(Problem)
Word for word, restate the lines from the one containing "Flat hairbrush for" through the last line of the material, and include no pictures.
#### Data section
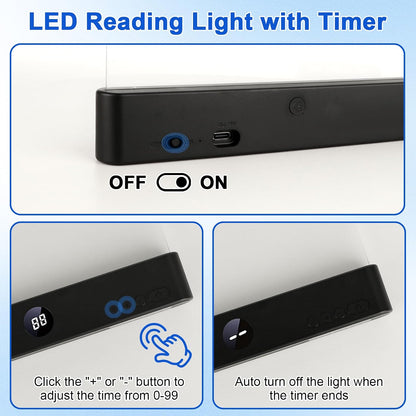 Book Light, Rechargeable Clear LED Reading Light with 3 Colors & Timer | Dimmable Full Page Panel Plate Lamp, Reading Lights for Book, Kids Eye Protection for Night Reading in Bed (White, Small)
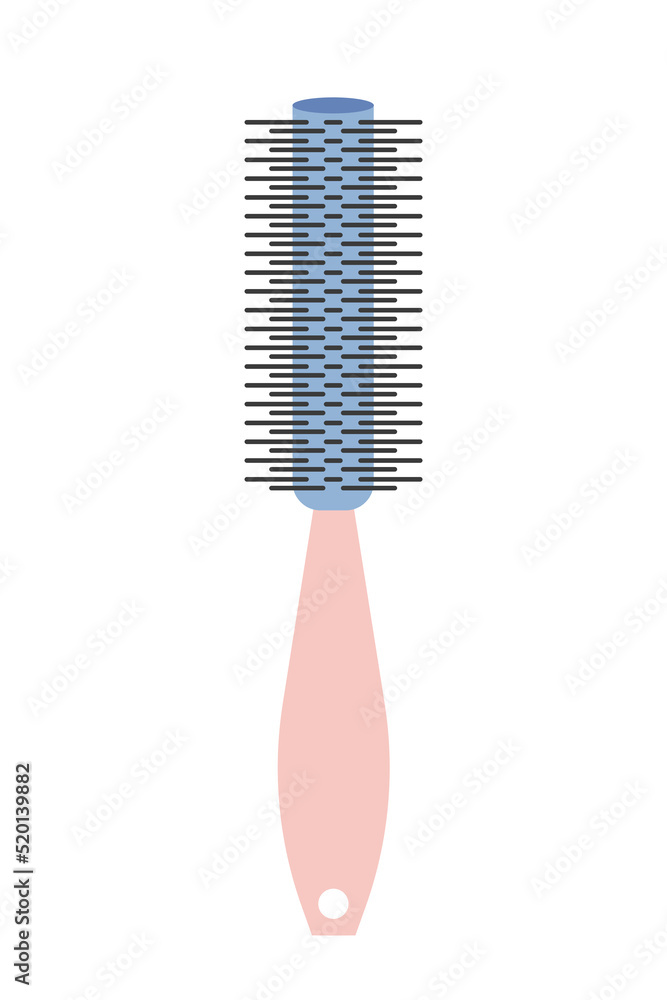 Flat hairbrush for styling vector illustration. Comb hairdresser tool isolated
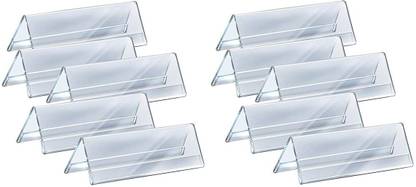 BRIZEM 2 Compartments acrylic Clear Acrylic Name Stand Sided V Shape Desk Name Plate (pack of 10 - 10x2 inch)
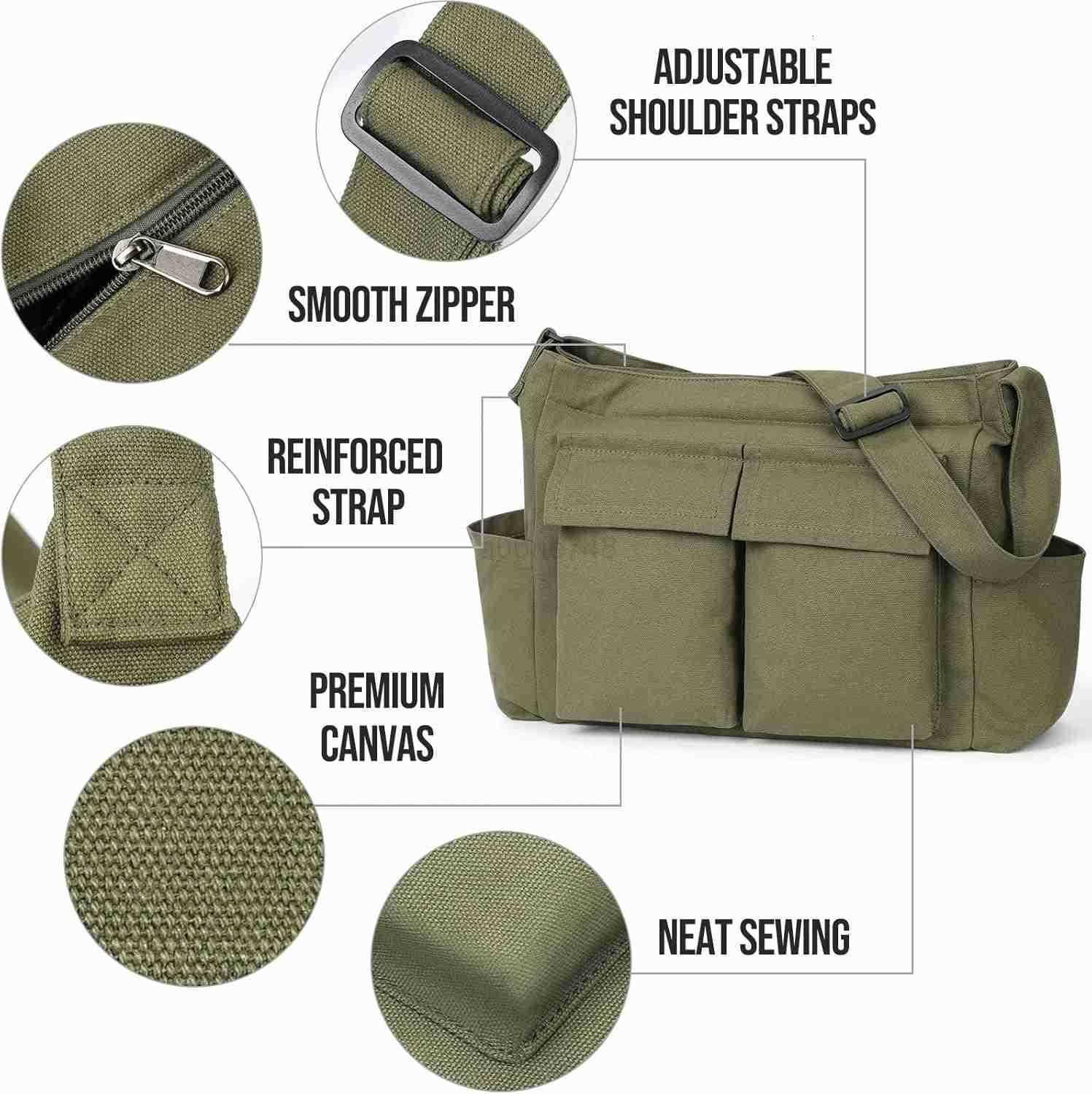 Canvas Messenger Bag Hobo Shoulder Bag Crossbody Bag with Multiple Pockets Large Tote Bag Handbag for Women MenZ250920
########
(Reply)
 Flat hairbrush for styling vector illustration. Comb hairdresser tool isolated
 BRIZEM 2 Compartments acrylic Clear Acrylic Name Stand Sided V Shape Desk Name Plate (pack of 10 - 10x2 inch)
 Canvas Messenger Bag Hobo Shoulder Bag Crossbody Bag with Multiple Pockets Large Tote Bag Handbag for Women MenZ250920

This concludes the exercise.